Definida como ato de subornar alguém para levar vantagem, a corrupção está no cerne do comportamento social e afeta o nosso sistema democrático, pois tira mais daqueles que não têm voz nem vez. Está nas pequenas atitudes, quando se escapa de uma multa, quando se fura a inscrição em um programa social, quando se usa de privilégios para acessar serviços, prejudicando os outros que estão na fila aguardando pela mesma informação.

 

O fato é que o mundo não está somente ameaçado pelas pessoas corruptas, e sim por aquelas que permitem a corrupção. E quando o mal envolve interesses políticos e grandes organizações empresariais, atinge proporções estratosféricas. Hoje a estimativa é de que consuma 2,6 trilhões de dólares no mundo ao ano, recursos suficientes para reerguer economias nacionais e acabar com a fome de populações inteiras. O poder público precisa agir com rapidez, firmeza e punição exemplar, pois a corrupção integra o volumoso Custo Brasil. São bilhões de recursos desviadosque aumentam os riscos para investidores internacionais e provocam insegurança social.

 

A Lei Anticorrupção, que pairava no limbo há anos no Congresso Nacional, só foi sancionada em agosto deste ano, após o clamor dos movimentos sociais, que ganharam as manchetes da mídia nacional e internacional.

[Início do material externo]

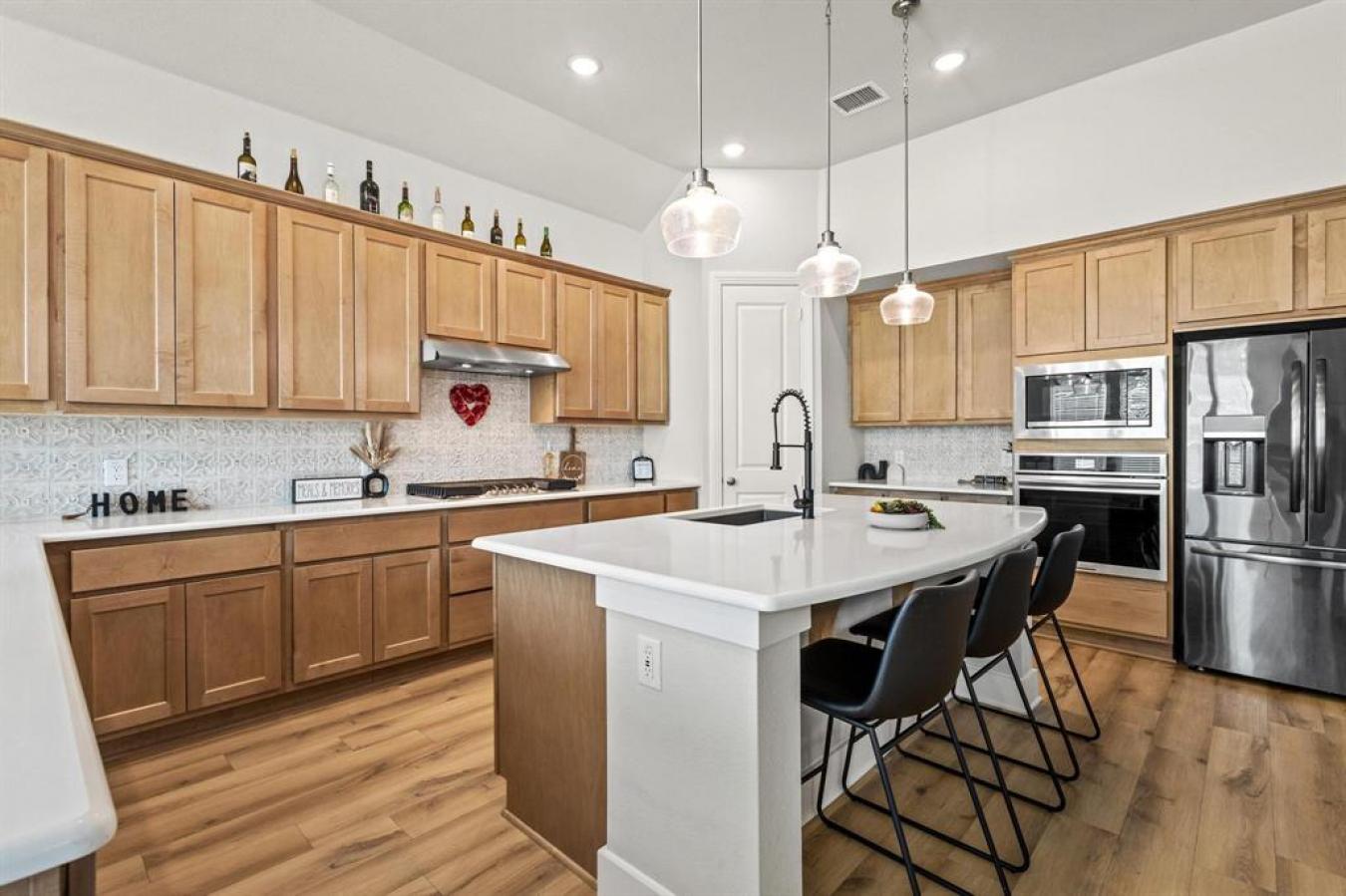 Denison, Texas, 75020, United States, 4 Bedrooms Bedrooms, ,3 BathroomsBathrooms,Residential,For Sale,1768904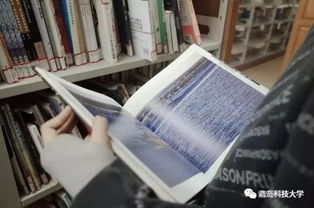 李明在图书馆学习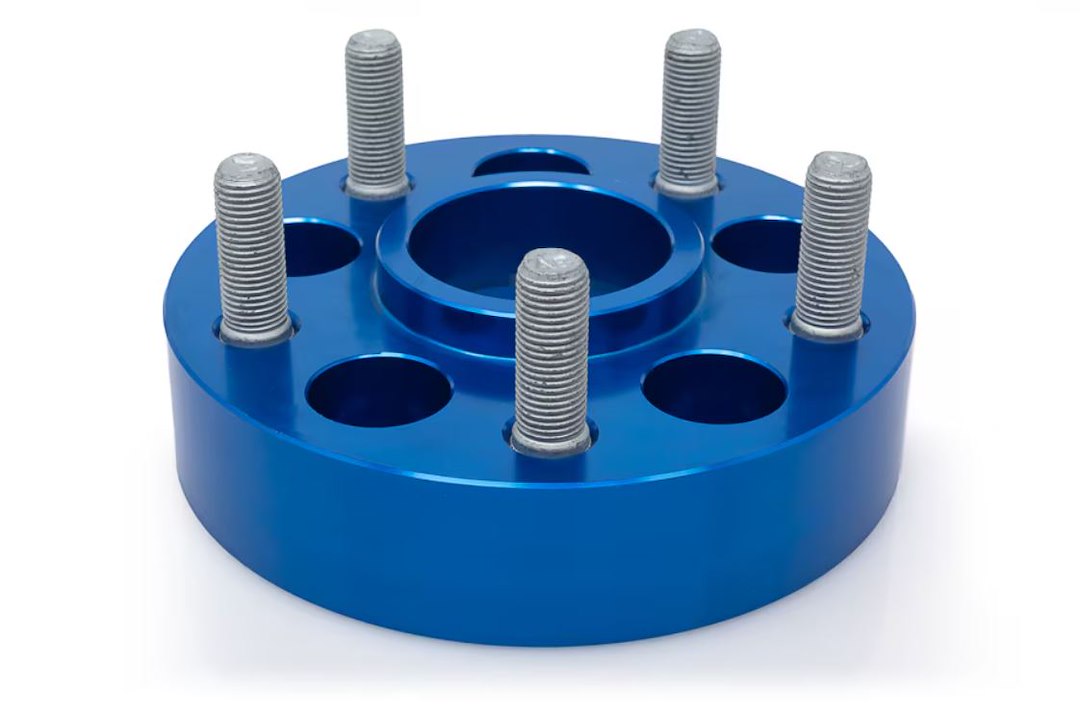 Spidertrax Made In USA Wheel Adapter WHS035 - Blue Jeep JL Conversion Adapt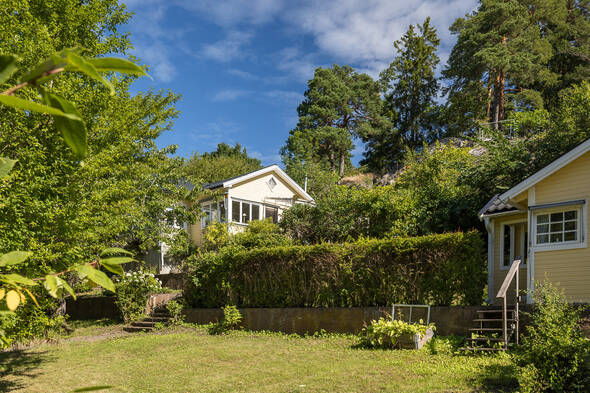 Hus och gästhus på grönskande tomt
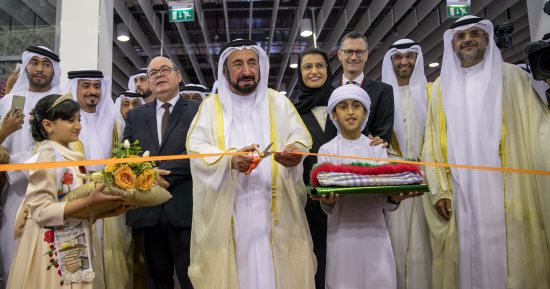 بالصور.. سلطان القاسمى يفتتح فعاليات الدورة 36 لمعرض الشارقة الدولى للكتاب.. ويؤكد: مصر صمام الأمان.. والقوى الظلامية تواجه بنور الكلمة الصادقة والعلم.. السيسى رجل قدره الله لمصر.. والنهضة تتحقق على يديه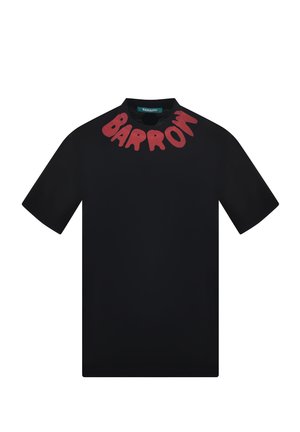 Czarny t-shirt z krótkim rękawem z czerwonym, dużym napisem "BARROW" wygiętym wokół dekoltu.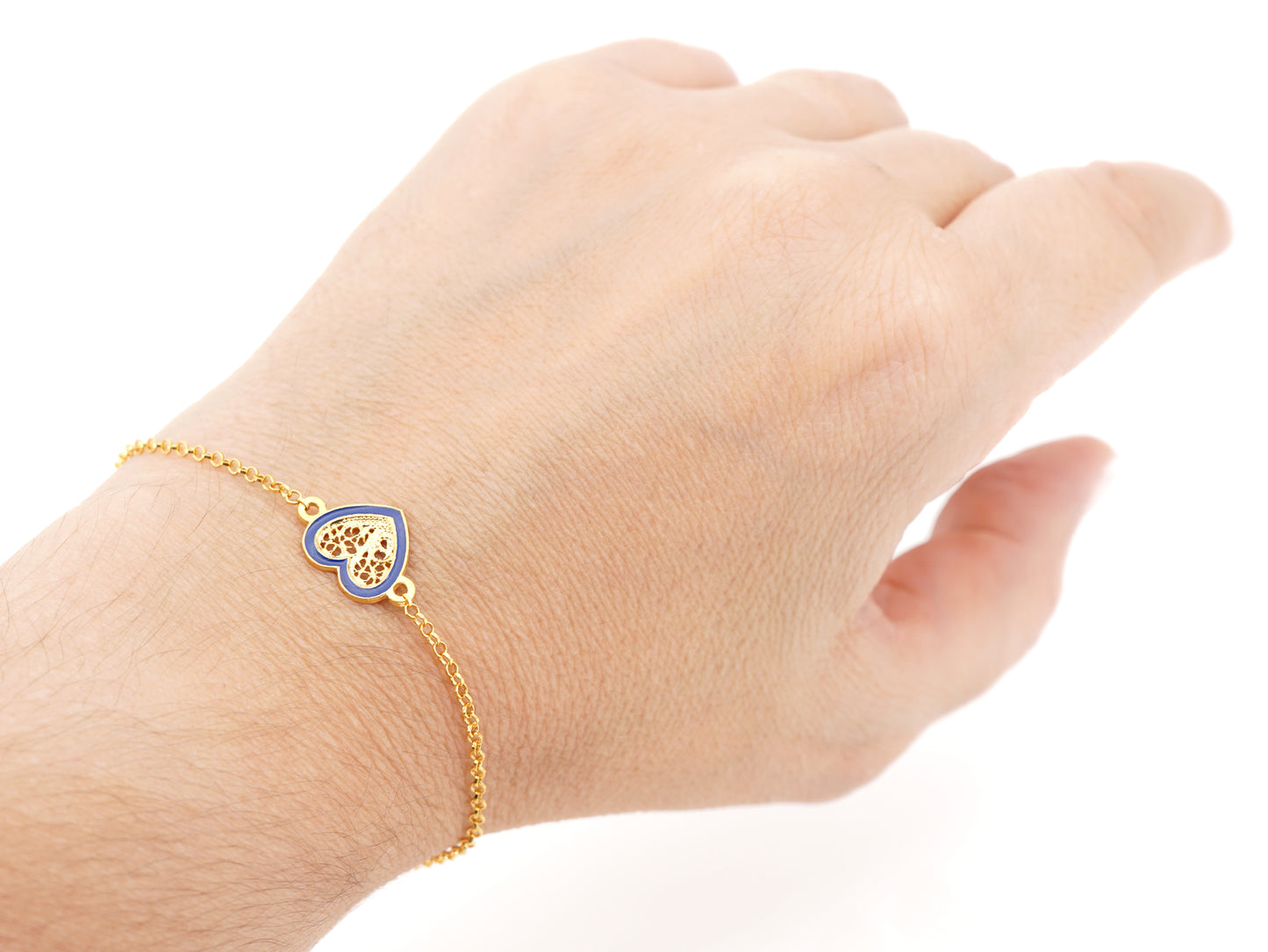 Pulseira Coração Pequeno Esmalte Azul, Filigrana Portuguesa, Prata de Lei 925 Dourada - Mulher a usar pulseira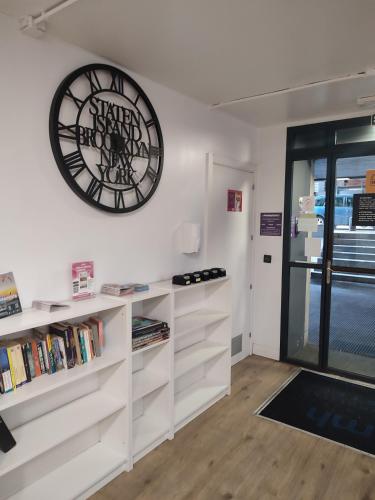 Bilbao Metropolitan Hostel by Bossh Hotels - image 13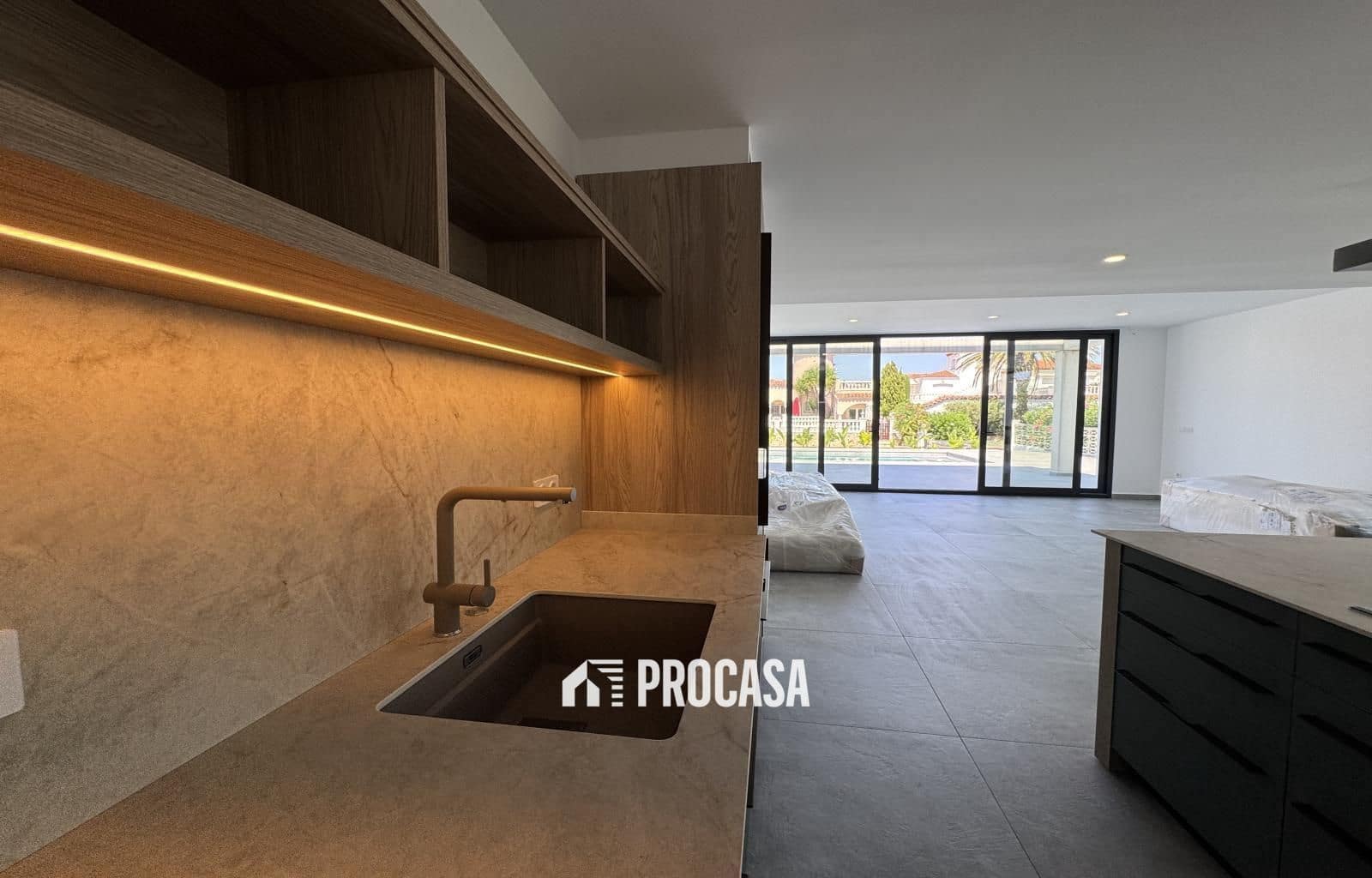 4 sypialnia Willa na sprzedaż w Empuriabrava z basenem garażem - 1 200 000 € (Ref: 9162890)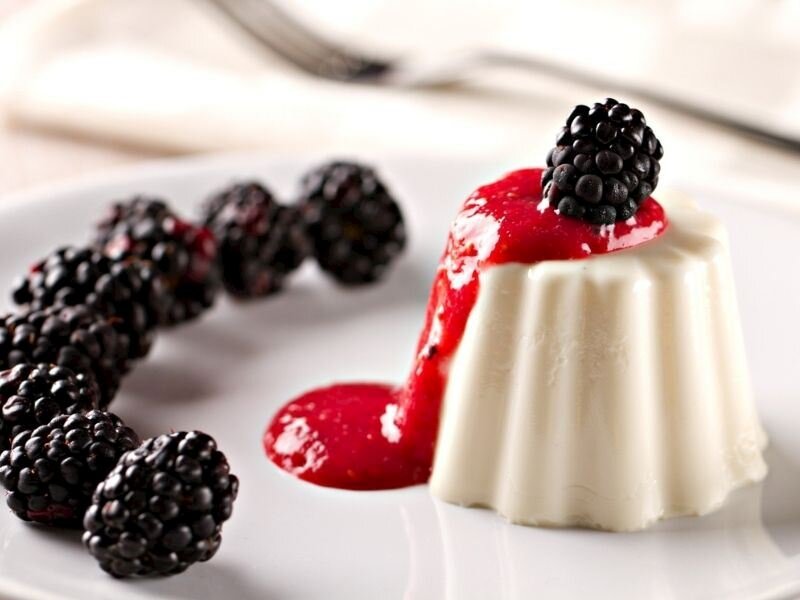 böğürtlenli panna cotta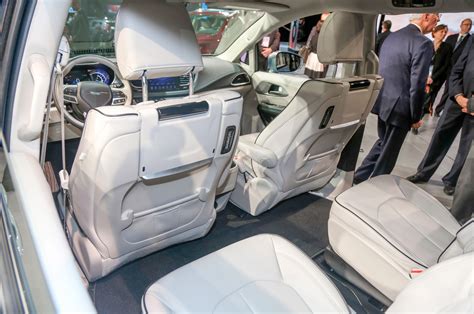 2017 Chrysler Pacifica Hybrid Rear Interior Seats Motor Trend En Español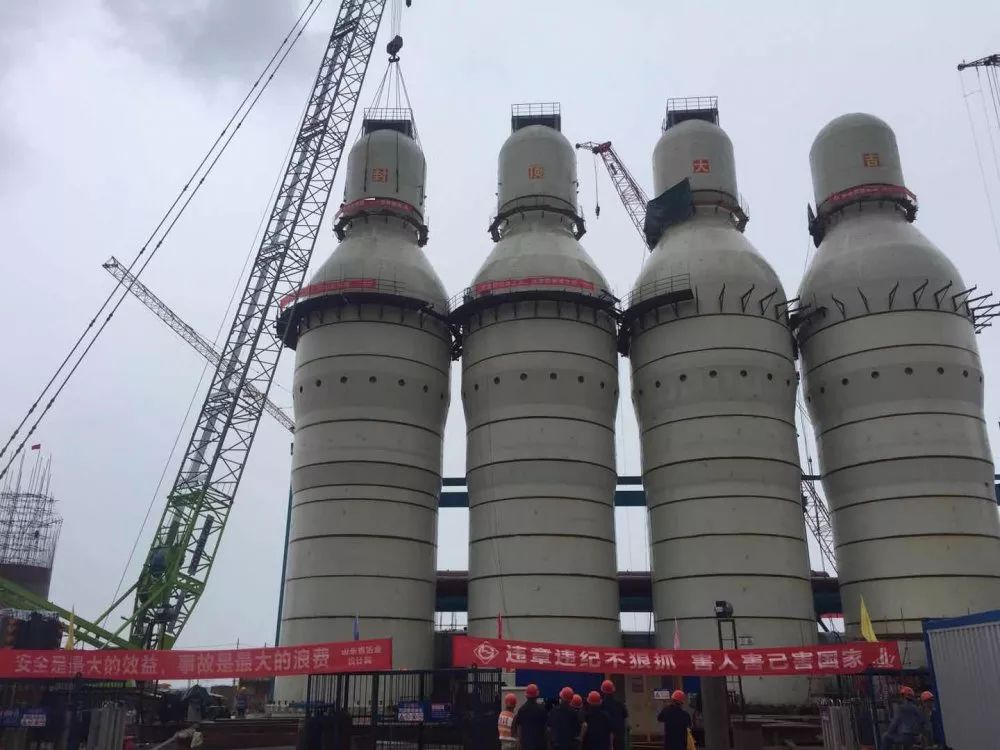 防城港钢铁基地项目1号高炉热风炉项目成功封顶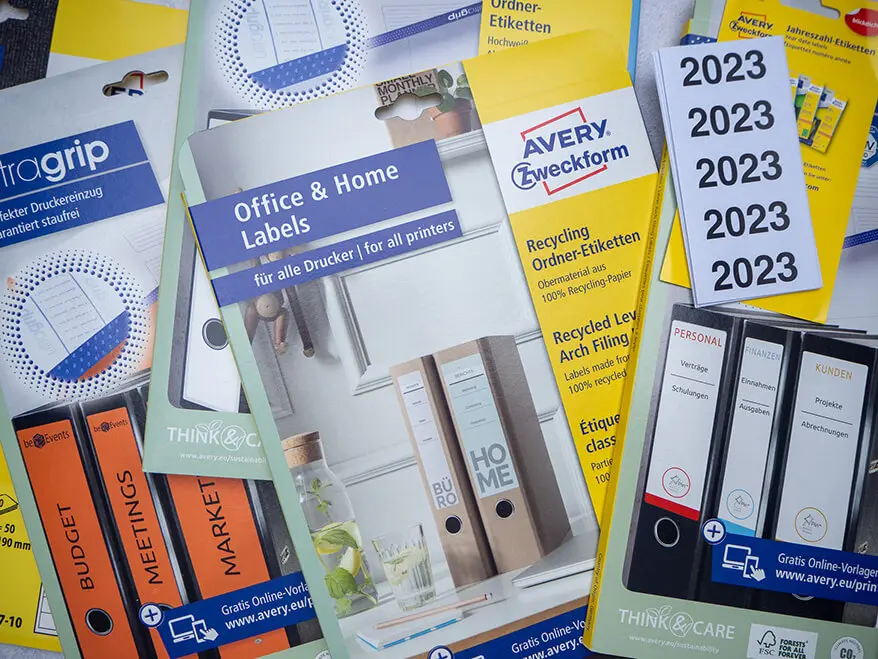 Viele verschiedene Packungen Orderrücken-Etiketten von Avery Zweckform liegen auf- und nebeneinander. Foto: Johanna Rundel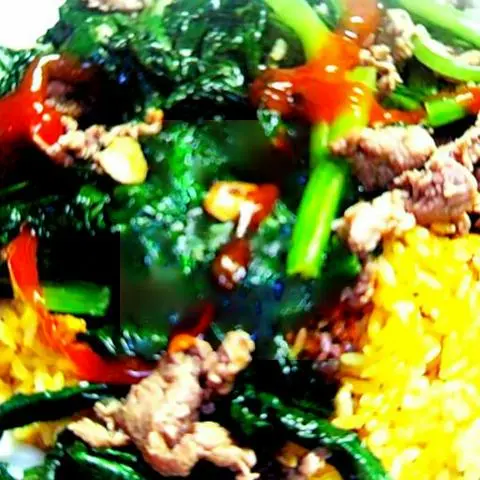 Hình ảnh Cơm chiên bò xào cải ngọt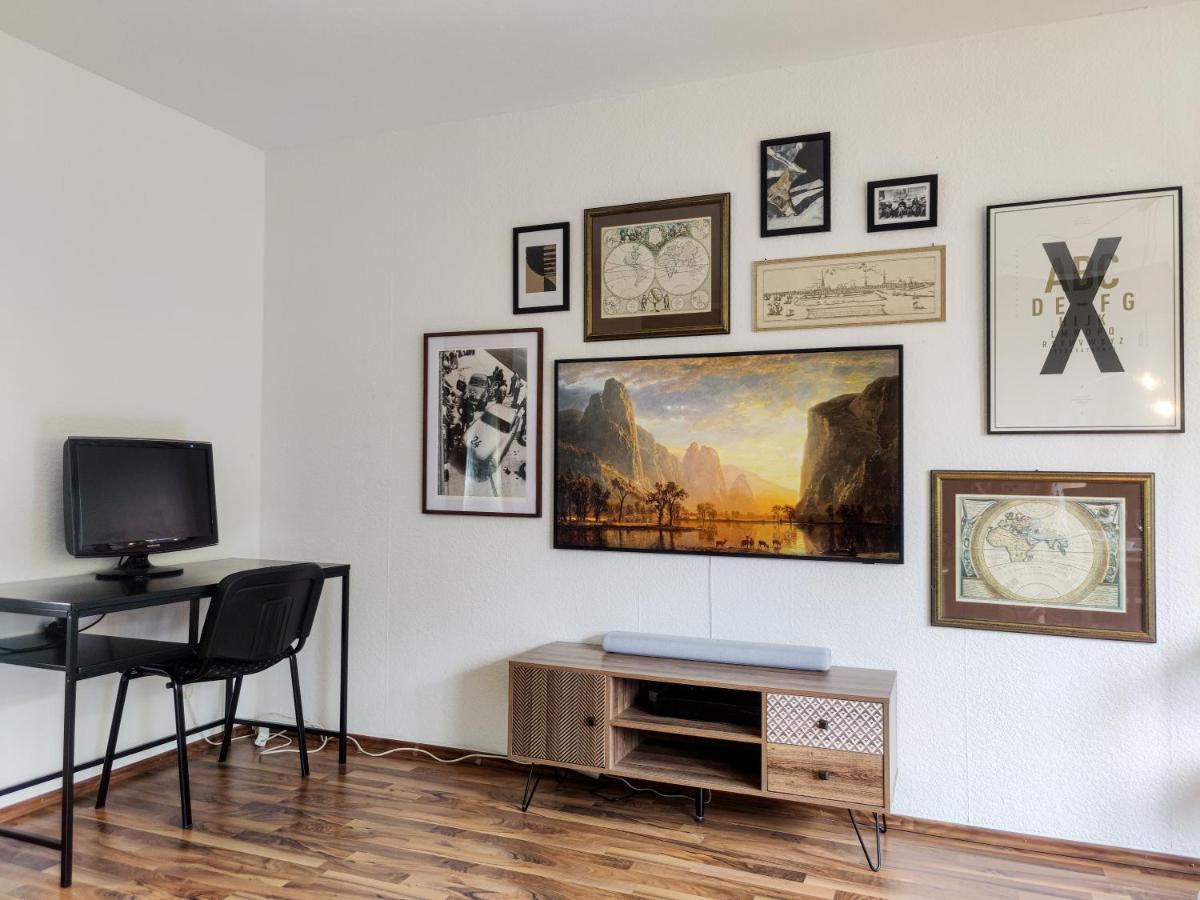 Inikama: Designer Apartment Im Gruenen - Netflix Rosengarten  Extérieur photo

Com base na lei norte-americana, a legislação brasileira deve entrar em vigor no início de 2014 e responsabiliza administrativa e civilmente as empresas pela prática de atos contra a administração pública.

 

A própria prisão dos “mensaleiros” revela um novo comportamento da nossa Justiça. Nos traz esperança, acima da experiência. Porém, é preciso mais: tornar regra a punição para os responsáveis por crimes ao patrimônio público e dolo moral à sociedade.